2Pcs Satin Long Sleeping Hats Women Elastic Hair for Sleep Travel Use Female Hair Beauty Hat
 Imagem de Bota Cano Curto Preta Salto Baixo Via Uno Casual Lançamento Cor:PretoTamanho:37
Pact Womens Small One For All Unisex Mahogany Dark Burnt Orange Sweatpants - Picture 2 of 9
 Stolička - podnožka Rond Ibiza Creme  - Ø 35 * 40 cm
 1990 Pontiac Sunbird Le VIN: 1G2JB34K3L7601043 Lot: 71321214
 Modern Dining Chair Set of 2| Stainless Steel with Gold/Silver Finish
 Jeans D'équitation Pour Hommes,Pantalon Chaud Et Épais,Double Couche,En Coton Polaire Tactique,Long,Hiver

REQUIRED ACTION - Please restate word for word only the lines from the one with "Modern Dining Chair" through the final line of the listing above, both of them included.

REPLY -
 Modern Dining Chair Set of 2| Stainless Steel with Gold/Silver Finish
 Jeans D'équitation Pour Hommes,Pantalon Chaud Et Épais,Double Couche,En Coton Polaire Tactique,Long,Hiver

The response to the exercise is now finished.